Are We Witnessing The Global Failure of the Ethical Life?

C. S. Lewis once remarked, “No one knows how bad he is until he has truly tried to be good.”

According to William Lane Craig, author of Reasonable Faith, “The Danish philosopher Soren Kierkegaard made the same point. Kierkegaard thought of life as lived on three levels:

  1. The most basic level is the aesthetic stage, in which life is lived selfishly for the pleasure it affords. Life so lived ultimately issues in boredom and ennui.
  2. The next higher plane is the ethical stage, in which one lives according to strict moral standards.

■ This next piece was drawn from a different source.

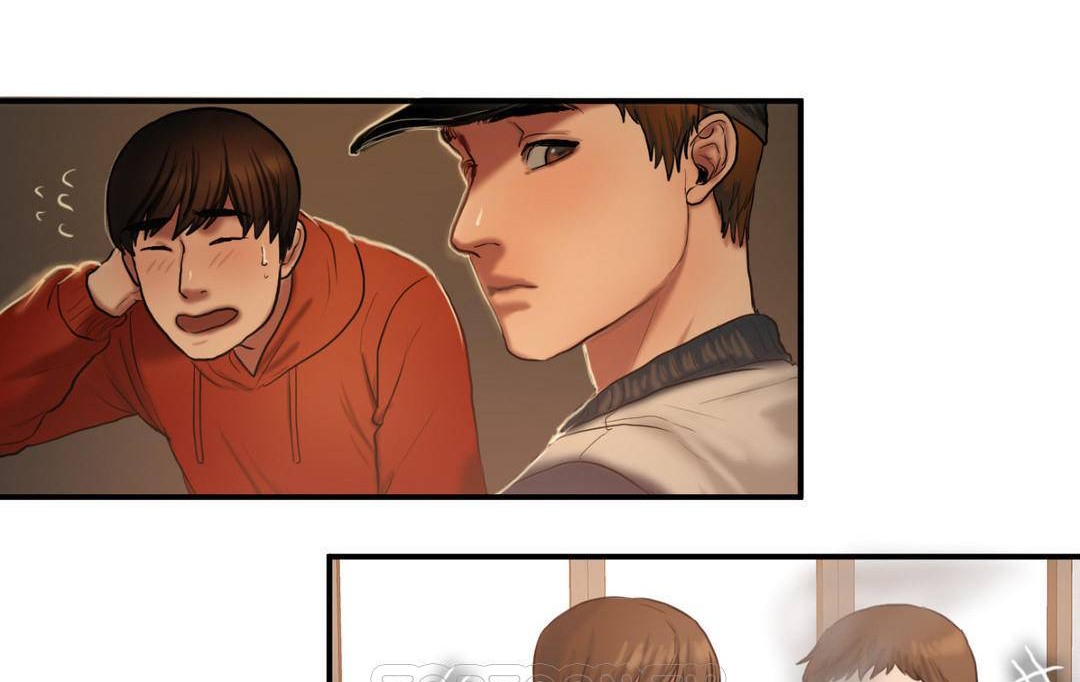 夫人的礼物第51话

But this life results ultimately in despair because one cannot live up to the standard of the moral good.
  3. Only on the highest plane, the religious stage, is authentic existence truly to be found. Kierkegaard rightly saw that it is the failure of the ethical life that propels one to the religious plane.”

Does government without God lead to despair? Are people becoming desperate?

There are signs that individuals are acting out across America and around the world. The headlines are filled with efforts by politicians trying to impose strict ethical standards on people who live their lives based upon selfish pleasures. Is government hindering, and in some cases blocking, citizens from moving beyond the aesthetic and ethical stages to the religious plane?

After debating the existence of God with Louise Anthony, Professor at the University of Massachusetts, Craig wrote, “Anthony confessed that one of the drawbacks of the atheism she had come to embrace is that under atheism there is no redemption. Think of that! One’s sin and guilt are truly indelible. Nothing can undo what has been done and restore your innocence. But the Christian message is a message of redemption.”

Are there some in our government who believe that those who cling to their religion as somehow less worthy?

Craig writes, “Today so many people think of right and wrong, not as matters of fact, but as matters of taste.”

Craig quotes American Philosopher Richard Taylor, author of Ethics, Faith, and Reason , who wrote, The idea of . . . moral obligation is clear enough, provided that reference to some lawmaker higher . . . than those of the state is understood. In other words, our moral obligations can . . . be understood as those that are imposed by God. . . . But what if this higher-than-human lawgiver is no longer taken into account? Does the concept of a moral obligation . . . still make sense?

Taylor goes on to say:

The modern age, more or less repudiating the idea of a divine lawgiver, has nevertheless tried to retain the ideas of moral right and wrong, without noticing that in casting God aside they have also abolished the meaningfulness of right and wrong as well.

Read more.

This is the basis of the great debate taking place in America, Europe, the Middle East and across the globe. Are we seeing the failure of the ethical life? What is the next stage: the aesthetic or religious? Do we evolve or devolve?